Each time a sensor is virtualized in our environment, its data schema is mapped to the concepts of the DO along with the STT dimensions. If all dimensions are specified and properly mapped on the Ontology concepts, we can consider the produced event stream consistent. However, we also accept data sources for which the consistency is not verified. Indeed, other operations can be applied on them to make them consistent. Whenever the user needs to create a data acquisition plan, she introduces in the canvas icons representing the sensors and the services for their manipulation. Whenever the graph corresponding to the current dataflow is sound according to our definition, the consistency is checked starting from the data sources and moving toward the final node that collects the output data stream. For each node of the graph, new instances can be introduced in the DO (when required) in order to maintain their description at the Ontological level.
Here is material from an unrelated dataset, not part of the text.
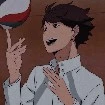 oikawa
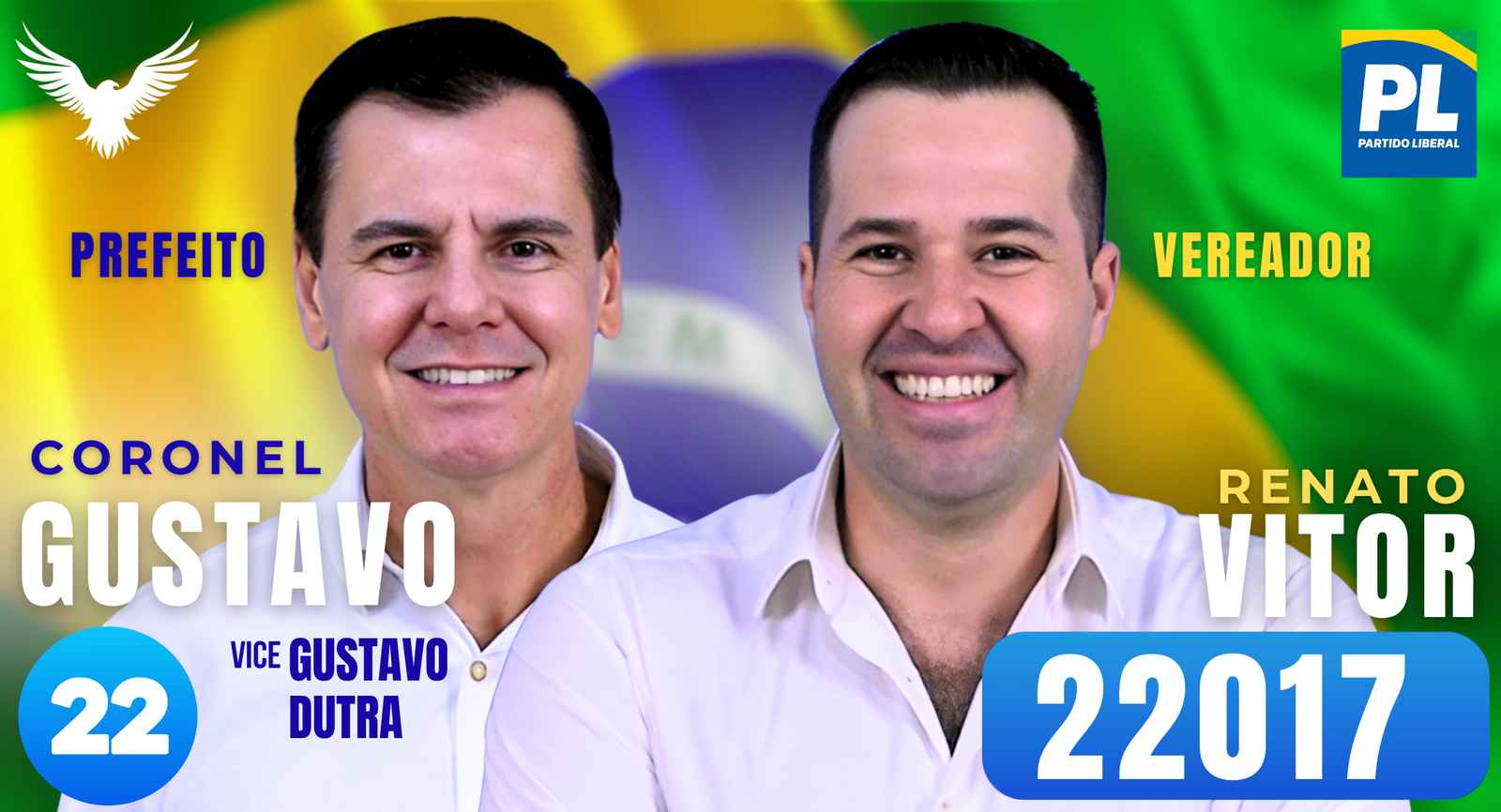 Renato Vitor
Specifically, the services filter, cull-time/space do not modify the data model and then the Ontology Instances are left unchanged. By contrast, for the other services (transform, enrich, virtualProperty, aggregation, union, join, convert and trigger) it is necessary to apply a set of instructions for modifying the Ontology Instances according to the service specification. For their proper handling, a virtual sensor is introduced whose properties depend on the applied operator and on the input streams. The virtual sensor is obtained in two steps. First, the incoming sensor is cloned and renamed. Then, the cloned instance and its links are modified to comply with the operator specification.

If the initial dataflow is consistent, since each service adds or clones existing instances or associations, these services do not jeopardize the consistency with respect to the DO. This is guaranteed by the fact that, if one of the services of enrich, virtualProperty and transform creates an instance of a class not foreseen in the DO, the service fails to modify the Ontology. In the other cases, the application of the services aggregation, join, trigger, union, convert does not affect the consistency of the Ontology because they only add new associations or instances of existing classes. However, if the initial consistency of the sources is not verified, it can become consistent after the application of other operations. In Fig. 1, a * denotes that a service is consistent w.r.t. the DO. The dataflow is consistent even if some of the nodes of the graph are not consistent.

4 Conclusions

In this paper we discussed the concepts of sound and consistent specification of data acquisition plans for streams of sensor data. Once the dataflow is specified it is executed on a distributed system during the transfer of the data from the sources to the destination [2]. In the poster we will provide an overview of the StreamLoader architecture and the adopted data model. Then, we will present the adopted services with their meaning and constraints. Finally we will discuss examples of data acquisition plans that are only sound or sound and consistent with respect to a given DO in the context of meteorology. Future works aim at studying ontology-based approaches supporting stream reasoning. The idea is to help domain experts in detecting possible operators to apply in StreamLoader for enriching inconsistent sensor data specifications. In this way we can use our DO for providing explicit semantics for events but at the same time, for reasoning on the correctness of semantic integrations and extensions.